The Platinum Brothers are an American record production duo based in Atlanta, Georgia. Consisting of Adam Gibbs and Mike Chesser, the duo produced "Let's Chill" and "So Hot" from Charlie Wilson's album Charlie, Last Name Wilson which has gone on to sell over 300,000 copies.

In 2002, The Platinum Brothers provided the beats to Bone Thugs-N-Harmony's Thug World Order. In August 2004, they sat on the "Super Producers Panel" at Billboard magazine's fifth annual R&B and Hip-Hop Conference Awards in Miami Beach, Florida. In 2005, they contributed to Charlie, Last Name Wilson.
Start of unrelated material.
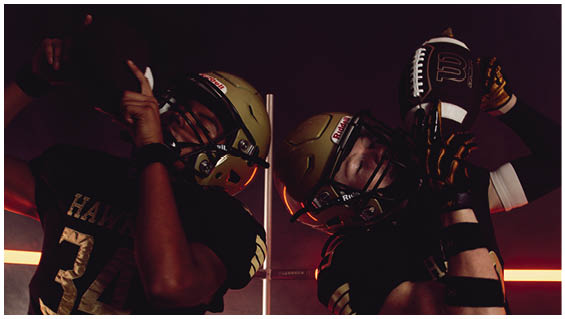 Two people wearing football helmets and black jerseys with gold numbers are posed in a dimly lit setting with red horizontal light accents. Description generated by AI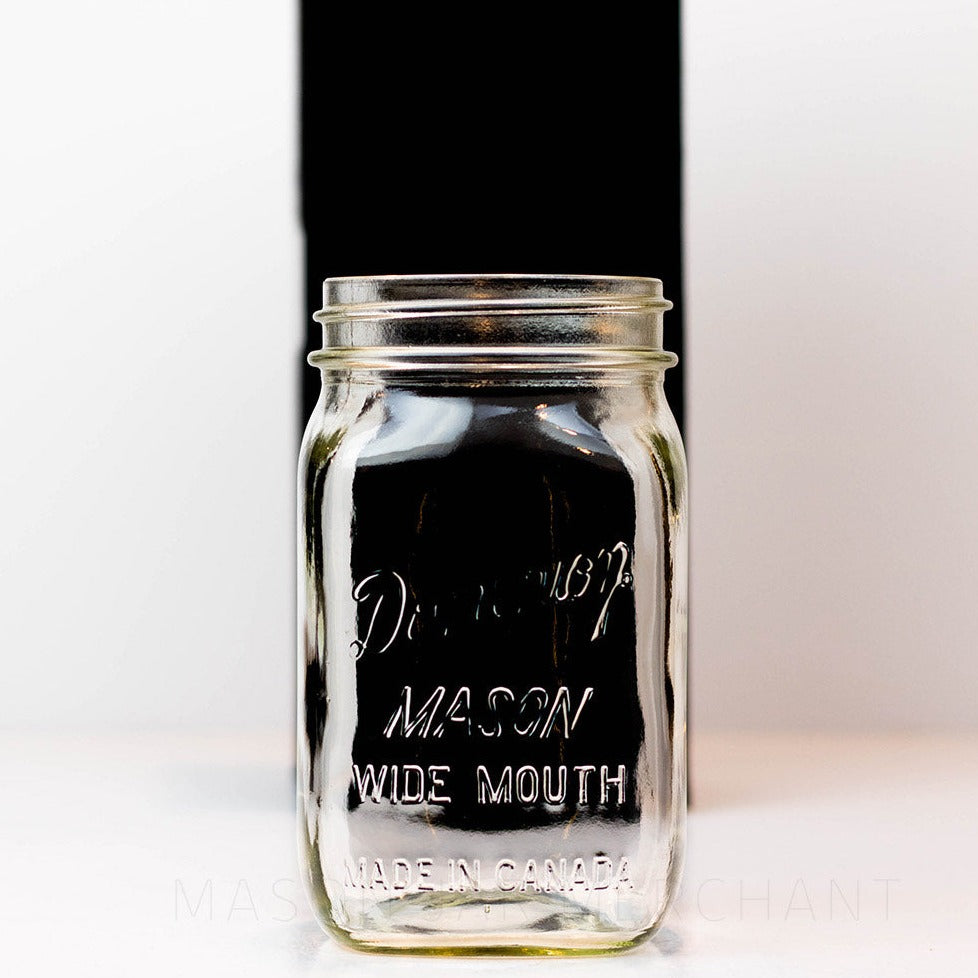 A close up of a Wide mouth quart mason jar with Dominion wide mouth Mason logo, against a white background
They were featured in 2006 on Bone Thugs and Harmony's Koch Records release entitled Thug Stories.

The Platinum Brothers also produced the current single "On The Radio" from Deemi's album entitled Soundtrack Of My Life.  They have also produced for artists such as Bone Thugs and Harmony, Bella, Q. Amey, Will Smith, and 4 songs from Nivea (singer)'s 2005 album entitled 'Complicated.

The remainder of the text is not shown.